So eBay’s partnered with Google to provide Google adwords results for the non-US market; eBay has exactly the same deal with Yahoo for the domestic US market. Odd moves indeed, but definitely safe ones for eBay.
The business behind the partnership is obviously sound; as the Search Engine Journal notes, Google has a greater search engine market share outside the US, which eBay is moving to capitalize on.
Even if eBay were not to share any user information with Yahoogle, there still remains the matter of the numerous cookies that Yahoogle and others have cluster bombed our browsers with, tracking our every move. Yahoogle will at the very least know that you made a search on eBay, and what you made the search for - information about users, or what John Battelle called the Database of Intentions is, after all, the currency of business on the web.

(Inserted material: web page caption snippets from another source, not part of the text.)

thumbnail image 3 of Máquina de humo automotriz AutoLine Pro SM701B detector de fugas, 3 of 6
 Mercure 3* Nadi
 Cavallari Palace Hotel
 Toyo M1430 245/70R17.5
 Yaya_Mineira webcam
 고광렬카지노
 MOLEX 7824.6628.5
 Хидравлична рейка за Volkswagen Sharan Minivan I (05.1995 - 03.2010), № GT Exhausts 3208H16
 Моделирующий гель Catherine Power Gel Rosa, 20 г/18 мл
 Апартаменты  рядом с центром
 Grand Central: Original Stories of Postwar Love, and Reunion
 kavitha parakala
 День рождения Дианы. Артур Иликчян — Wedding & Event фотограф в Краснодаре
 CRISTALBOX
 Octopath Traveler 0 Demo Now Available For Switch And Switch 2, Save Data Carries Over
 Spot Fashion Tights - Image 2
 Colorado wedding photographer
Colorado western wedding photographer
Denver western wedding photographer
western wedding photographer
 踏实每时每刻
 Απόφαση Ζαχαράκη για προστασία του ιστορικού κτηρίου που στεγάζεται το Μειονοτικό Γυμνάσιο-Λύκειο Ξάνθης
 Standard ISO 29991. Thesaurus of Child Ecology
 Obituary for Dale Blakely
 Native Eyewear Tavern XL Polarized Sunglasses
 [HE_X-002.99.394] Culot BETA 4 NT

A little mucking around the web reveals that old world businesses that have been wheeling and dealing consumer information for many an year now, those evil credit rating agencies, already have legislation in place (in the US, at any rate), called the Fair Credit Reporting Act, restricting their behaviour. While the FCRA may not cover the kinds of implicit and explicit information trades that occur on the web, it does, in principle, provide an excellent definition of what might be considered a personal information aggregator. As the FTC’s staff opinion on the subject states:
Section 603(f) defines a “consumer reporting agency” as any person “which, for monetary fees, dues, or on a cooperative nonprofit basis, regularly engages in whole or in part in the practice of assembling or evaluating consumer credit information or other information … for the purpose of furnishing consumer reports to third parties …”. In turn, Section 603(d) defines a “consumer report” as the communication of “any information” by a CRA that bears on a consumer’s “credit worthiness, credit standing, credit capacity, character, general reputation, personal characteristics, or mode of living” that is “used or expected to be used or collected in whole or in part” for the purpose of serving as a factor in establishing eligibility for credit or insurance to be used primarily for personal, family, or household purposes, employment purposes, or any other purpose authorized under Section 604.
What happens when eBay, Yahoo, Google, Amazon and the other heavyweights of the web start sharing user information, explicitly via partnerships, or implicitly, as occurs today, via cookies and beacons? Will it all come down to the Googlezon infocalypse, once we’ve all been indexed, ranked and neatly slotted away?
Think this shouldn’t worry you? To give you an idea of what, and how much, information is gathered, consider AOL’s practically criminal release of user search data, including personal names, social security numbers and just about anything else that goes in a search box.
It may be worth considering that something akin to antitrust law for mergers of user databases might be a good idea. Information monopolies are as much of a worry as monopolies in other commodities, and they are a problem we should start addressing right away.
Perhaps it’s time for a Fair Information Reporting Act, one which forces personal information aggregators to inform us of what information they’re implicitly collecting about each of us, forces restrictions on how long such information may be stored in its raw form, and restricts explicit personal information trades. It may be fair to expect that aggregate information about searches could be maintained, since this is really the commodity that allows Yahoogle et al., to function; such aggregate information must be stripped of any personally identifying characteristics, ensuring that searches may never be traced back to individual users.
How would such a law affect services such as del.icio.us and Technorati? It may be that as long as information is made publicly available in an unencumbered form governed by something like a Creative Commons license, it is excluded from the ambit of the law. I don’t pretend to have all the answers; these questions do need further debate - where’s a good lawyer when you need one?